* [The problem]:
Would you transcribe the records below from the line with "Cover of Fitzgerald: The" to the line with "Ratón Gaming Redragon", ends included, exactly and with nothing more, leaving the pictures out?

* [Material provided]:

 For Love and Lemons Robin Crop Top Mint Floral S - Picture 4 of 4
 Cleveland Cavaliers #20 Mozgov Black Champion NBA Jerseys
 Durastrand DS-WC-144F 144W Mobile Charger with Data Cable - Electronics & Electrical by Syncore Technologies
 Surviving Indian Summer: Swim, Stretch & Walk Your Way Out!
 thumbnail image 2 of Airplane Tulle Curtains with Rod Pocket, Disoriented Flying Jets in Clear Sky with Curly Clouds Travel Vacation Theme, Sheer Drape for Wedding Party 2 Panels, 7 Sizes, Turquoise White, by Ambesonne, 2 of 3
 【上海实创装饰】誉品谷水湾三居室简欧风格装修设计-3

---

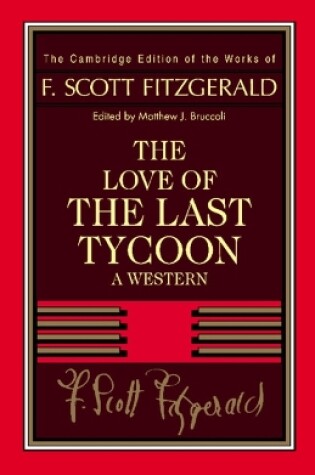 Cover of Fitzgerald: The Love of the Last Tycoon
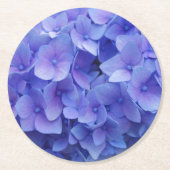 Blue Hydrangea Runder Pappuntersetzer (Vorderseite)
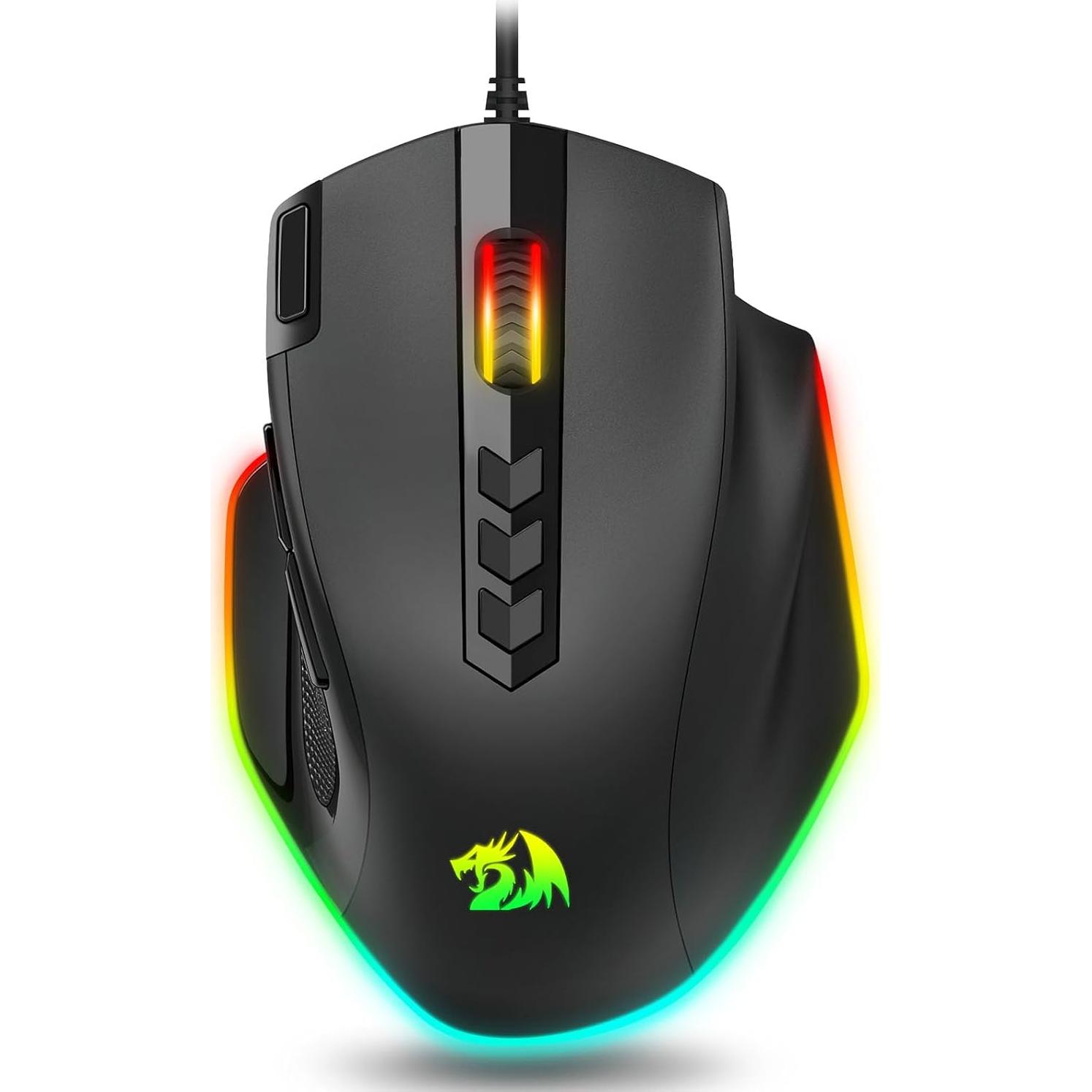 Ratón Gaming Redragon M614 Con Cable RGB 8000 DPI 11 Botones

--

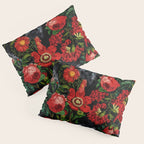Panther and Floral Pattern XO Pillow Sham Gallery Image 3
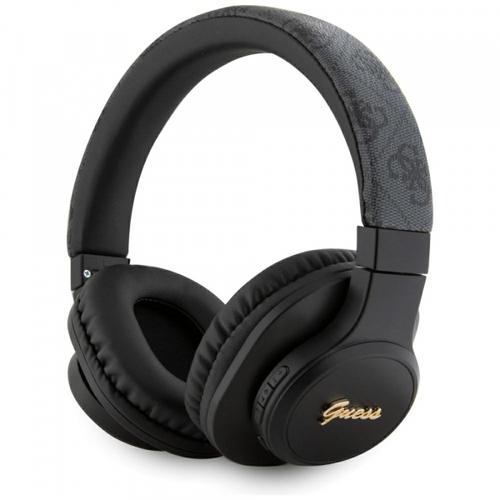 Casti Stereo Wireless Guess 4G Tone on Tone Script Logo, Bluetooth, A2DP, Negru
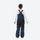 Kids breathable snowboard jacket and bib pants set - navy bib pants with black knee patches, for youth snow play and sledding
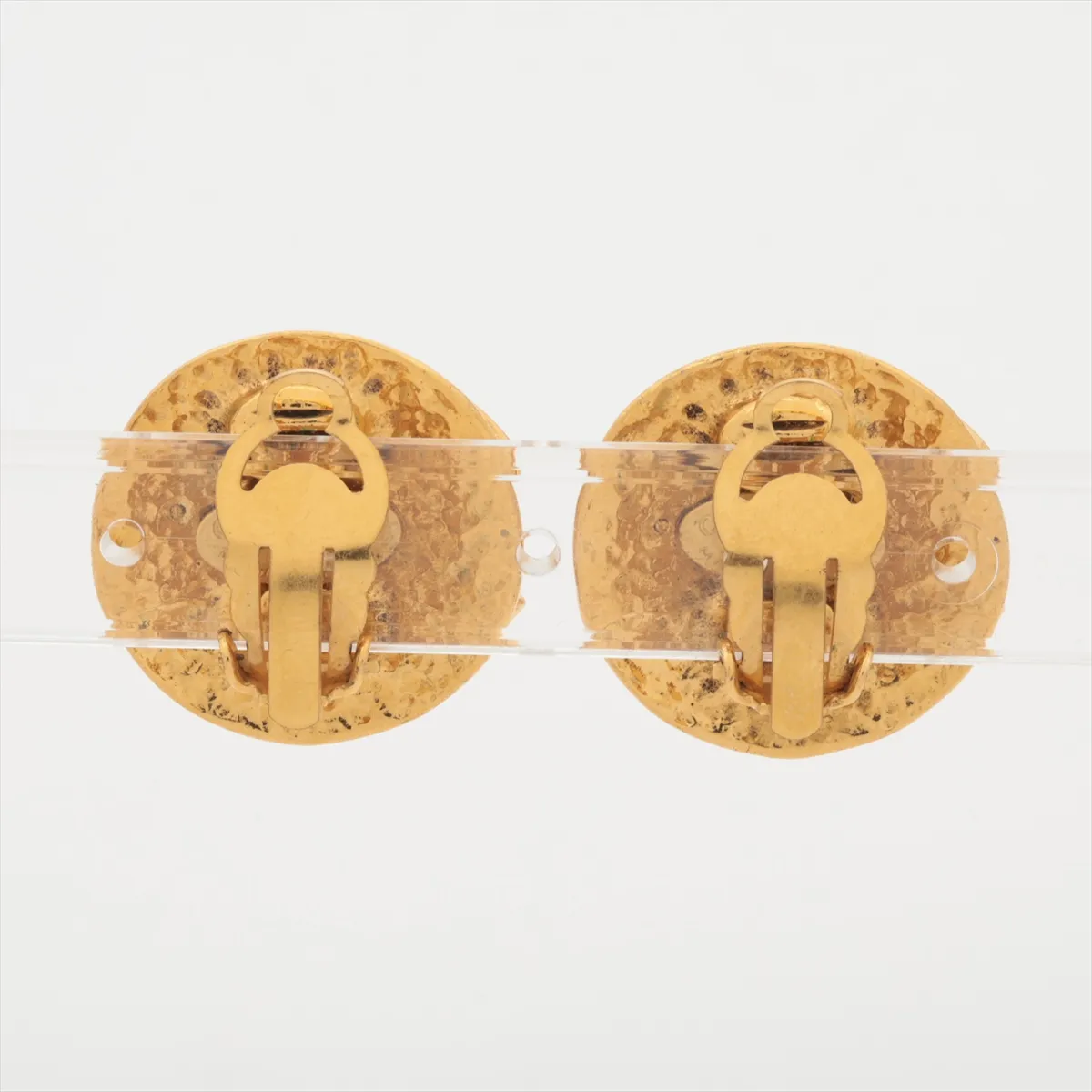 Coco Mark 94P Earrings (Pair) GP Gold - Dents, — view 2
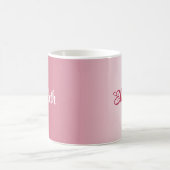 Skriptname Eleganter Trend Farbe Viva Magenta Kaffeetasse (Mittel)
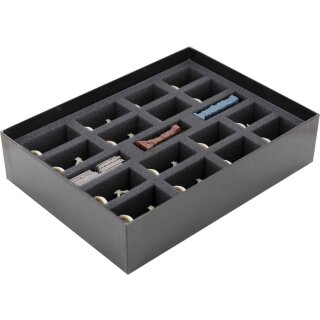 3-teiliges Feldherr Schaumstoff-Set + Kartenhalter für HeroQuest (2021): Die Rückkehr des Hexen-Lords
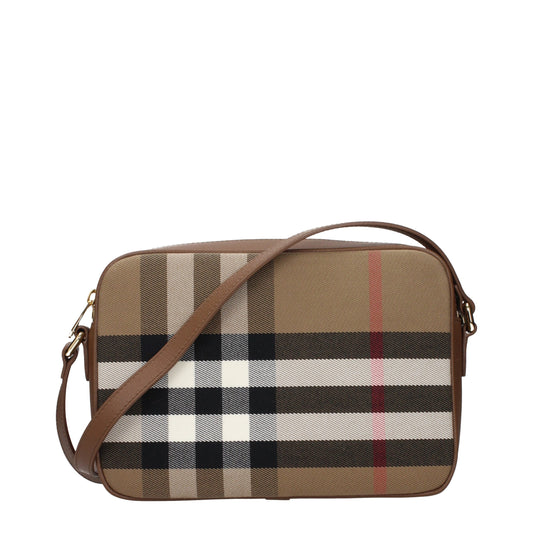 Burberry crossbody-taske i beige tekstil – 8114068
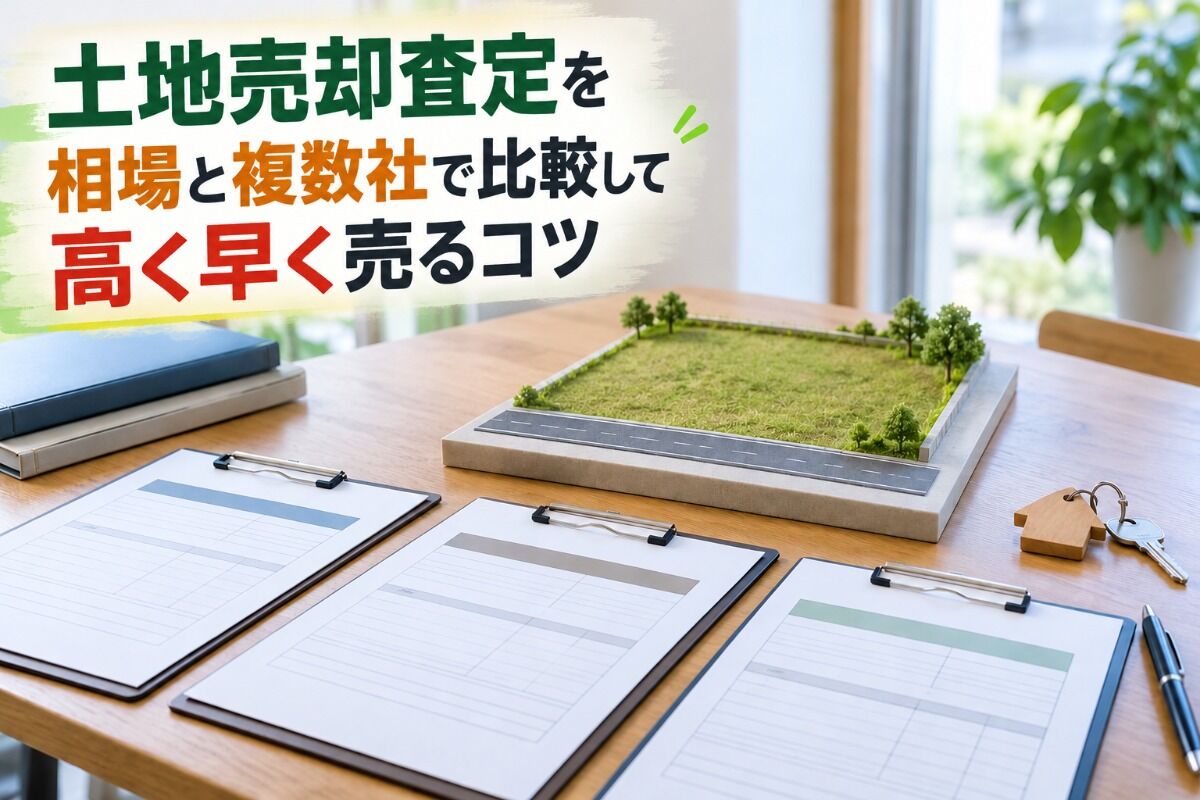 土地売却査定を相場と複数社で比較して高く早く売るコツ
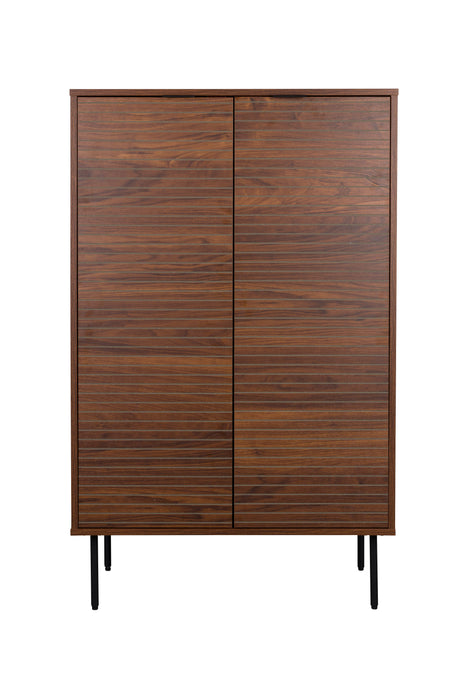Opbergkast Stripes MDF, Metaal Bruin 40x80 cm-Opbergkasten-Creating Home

* [Answer to this problem]:
 Cover of Fitzgerald: The Love of the Last Tycoon
 Blue Hydrangea Runder Pappuntersetzer (Vorderseite)
 Ratón Gaming Redragon M614 Con Cable RGB 8000 DPI 11 Botones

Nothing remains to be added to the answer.